New Delhi — Cinquante ans après Tintin au Tibet, dans lequel le personnage d'Hergé faisait une brève escale à Delhi en route pour Katmandou, le film en 3D de Steven Spielberg a atterri dans les salles indiennes, un mois et demi avant sa sortie pour Noël aux États-Unis.
Succès apparemment garanti pour Le secret de la Licorne, qui a tiré son épingle du jeu contre Rockstar, la grande production bollywoodienne de la semaine. C'est que Tintin fait l'objet d'un véritable culte dans le sous-continent, en particulier au Bengale-Occidental. «Tintin, c'est énorme en Inde, peut-être même plus qu'aux États-Unis», dit une porte-parole de Sony Pictures (India). La chronique Web consacrée à la question par le fameux Soutik Biswas était titrée «L'éternelle histoire d'amour de l'Inde avec Tintin». L'écrivain Vikram Seth (connu chez nous pour son Garçon convenable, publié en 1993) lui rend un éloquent hommage dans The Golden Gate, son premier roman — écrit en vers. Un autre Bengali, l'immense cinéaste Satyajit Ray, accro avoué à Tintin, y a souvent fait référence dans son oeuvre. Il n'y aurait pas une maisonnée qui se respecte à Calcutta (rebaptisée Kolkata en 2001) qui n'ait un exemplaire de l'une de ses 23 aventures. Pour autant, le film de Spielberg sorti en salles vendredi dernier n'a pas été doublé en bengali. Ce sont des doublages en hindi, en tamoul et en télougou qui accompagnent la sortie de la version anglaise.«Je reçois beaucoup de lettres de l'Inde, avait déjà fait remarquer Hergé. Ici, tiens, j'en ai deux qui viennent de Calcutta. Que peut-il bien y avoir en commun entre un gamin de Calcutta et moi-même?» Beaucoup, visiblement.
C'est un magazine bengali pour enfants, Anandamela, qui introduit Tintin en Inde pour la première fois dans les années 1970 en langue vernaculaire.
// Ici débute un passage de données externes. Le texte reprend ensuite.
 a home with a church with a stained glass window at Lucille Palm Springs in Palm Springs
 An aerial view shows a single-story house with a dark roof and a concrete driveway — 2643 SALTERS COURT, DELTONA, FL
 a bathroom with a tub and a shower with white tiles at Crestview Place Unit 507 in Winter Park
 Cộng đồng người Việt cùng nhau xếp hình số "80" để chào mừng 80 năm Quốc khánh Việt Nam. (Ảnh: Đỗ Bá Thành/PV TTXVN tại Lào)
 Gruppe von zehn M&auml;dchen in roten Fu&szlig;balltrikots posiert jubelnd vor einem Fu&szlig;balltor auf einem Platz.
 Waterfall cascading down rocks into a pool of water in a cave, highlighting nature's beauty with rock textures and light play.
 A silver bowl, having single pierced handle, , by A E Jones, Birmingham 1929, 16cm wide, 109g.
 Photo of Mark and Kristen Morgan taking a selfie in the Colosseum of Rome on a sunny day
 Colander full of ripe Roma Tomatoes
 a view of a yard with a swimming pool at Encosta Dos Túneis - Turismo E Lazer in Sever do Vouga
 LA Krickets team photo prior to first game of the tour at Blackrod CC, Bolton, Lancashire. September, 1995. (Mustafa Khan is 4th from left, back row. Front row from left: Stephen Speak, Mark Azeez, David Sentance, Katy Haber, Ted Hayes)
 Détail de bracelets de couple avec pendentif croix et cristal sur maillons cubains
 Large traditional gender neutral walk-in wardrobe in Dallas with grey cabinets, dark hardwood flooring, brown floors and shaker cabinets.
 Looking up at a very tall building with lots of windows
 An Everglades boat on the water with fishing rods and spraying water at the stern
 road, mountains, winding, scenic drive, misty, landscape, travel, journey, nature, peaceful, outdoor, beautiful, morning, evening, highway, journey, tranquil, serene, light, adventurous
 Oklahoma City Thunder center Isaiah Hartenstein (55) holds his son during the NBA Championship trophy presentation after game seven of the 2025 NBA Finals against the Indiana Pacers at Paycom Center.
Le Tintin bengali obtint un succès instantané. Les ventes sont estimées depuis 1984 à 500 000 exemplaires de chacun des albums. Tintin en hindi n'existe en revanche que depuis un an.
Pour autant, Namrata Joshi, la mordante critique de cinéma d'Outlook, l'un des principaux magazines indiens de langue anglaise, a jugé Le secret de la Licorne de M. Spielberg à peine plus que potable. Elle a retrouvé intacte l'âme d'Hergé dans la première partie, mais considère qu'il vire ensuite au simple film d'action, noyé dans les effets spéciaux. Pas faux.
Par Hergé, Tintin est venu deux fois en Inde. Il passe en coup de vent dans Tintin au Tibet en compagnie du capitaine Haddock. Fait escale à Delhi, va voir le Fort Rouge et le Qutub Minar, visite la vieille ville où le capitaine Haddock se fait malmener par une vache sacrée. Dans Les cigares du pharaon («rempli d'horribles caricatures sur l'Inde», note le chroniqueur Biswas, à la différence de ce que Hergé en avait fait dans Tintin au Tibet), son petit avion s'écrase dans la jungle du sud de l'Inde, où il s'attaque au trafic d'opium.
En 2006, le dalaï-lama remettait d'ailleurs à la Fondation Hergé — en même temps qu'à l'archevêque sud-africain Desmond Tutu! — le prix de la Lumière de vérité, en reconnaissance de la contribution de Tintin au Tibet à faire connaître le pays tibétain. Quelques années plus tôt, la fondation avait demandé le rappel de la traduction chinoise de la bande dessinée pour avoir été coiffée du titre Tintin au Tibet chinois. Les autorités chinoises avaient cédé et rétabli le titre original.